Sieh dir diesen Beitrag auf Instagram an


Ein Beitrag geteilt von San Antonio Zoo (@sanantoniozoo)

A lot of work to do

ZDR3 is unique because of its Response Network’s experience with managing exotic animals, particularly under adverse conditions. ZDR3 builds and coordinates effective responses to natural and man-made hazards which requires specialized resources for incident planning and disaster mitigation. It requires a lot of work and specialized skills – especially when the incident is really big.

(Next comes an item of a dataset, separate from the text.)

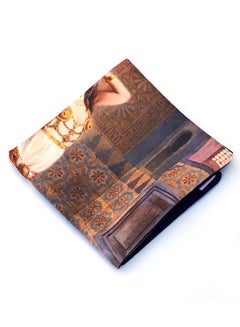 Alwan Ottoman Lady Print Cushion Cover Multicolour 40x40cm  - Image 2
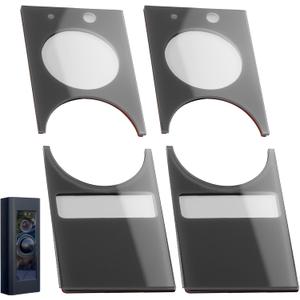 2 Sets Screen Protector Fits for Ring Doorbell Pro Older Version | Not Fits Ring Doorbell Pro 2, Clear Protective Film for Preventing Scratches on the Doorbell Camera Lens, Scratch-Resistant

“Part of what we do is a hearts and minds exercise,” explains Wagner. “Knowing that help is out there and staged matters, especially when an institution is staring down a major storm or other events. And when your site has just been devastated, it can be incredibly overwhelming – and there is a natural (and valid) fear that judgment will be forthcoming from all directions. Our goal is to ensure that personnel at a location know that they have our support in all ways – with logistics and operations being one component. But there are also more subtle things that we do that help keep staff morale up during times that can be truly trying. Whether it’s cooking hot meals, providing critical incident stress management support, or just taking the time to let someone have a private moment of upset – often followed by a big hug – these things all matter. Caring for the people who care for animals is not just a necessity, it’s an honor and a joy.”

There’s more to come

Cougar at the Fort Worth Zoo | Photo: Malcolm, License: CC BY-SA 2.0

ZDR3 is still in the early stages, with two main goals. First, to continue building ZDR3’s Response Network. This also has benefits for already participating members because then “we are better able to deploy responders more quickly and efficiently. It also allows us to cycle teams in and out, which is important for larger scale incidents,” Matson explains. “There is a limit to how long a facility can have their personnel working at another site, and to how long any team can work a disaster site, often under adverse conditions.”

Secondly, the organization aims to increase the donor pool. Why? Because there is no cost to a facility for response, as the responders are all volunteers from other facilities who underwrite their costs to participate. “But we have to cover ZDR3’s administrative and response costs,” says Matson, who points out that her year-round donation is volunteering to manage communications for ZDR3. “We do not receive any government funding; our funding is provided by voluntary contributions from MOU holders, grants,‌ ‌in-kind‌ ‌contributions,‌ ‌and‌ ‌gifts‌ ‌from‌ ‌private‌ ‌donors.‌ For those interested in providing support to ZDR3, we encourage you to contact us directly to discuss options.”

Founding President of ZDR3 and Director of the Fort Worth Zoo, Michael Fouraker, is proud of what has been accomplished so quickly by ZDR3’s dedicated personnel and participants. “Our ongoing growth and development are only possible because of the support of ZDR3 sponsors and donors. We have come far since our inception, and we look forward to continuing to grow the network and assist even more facilities in need. We are stronger together.”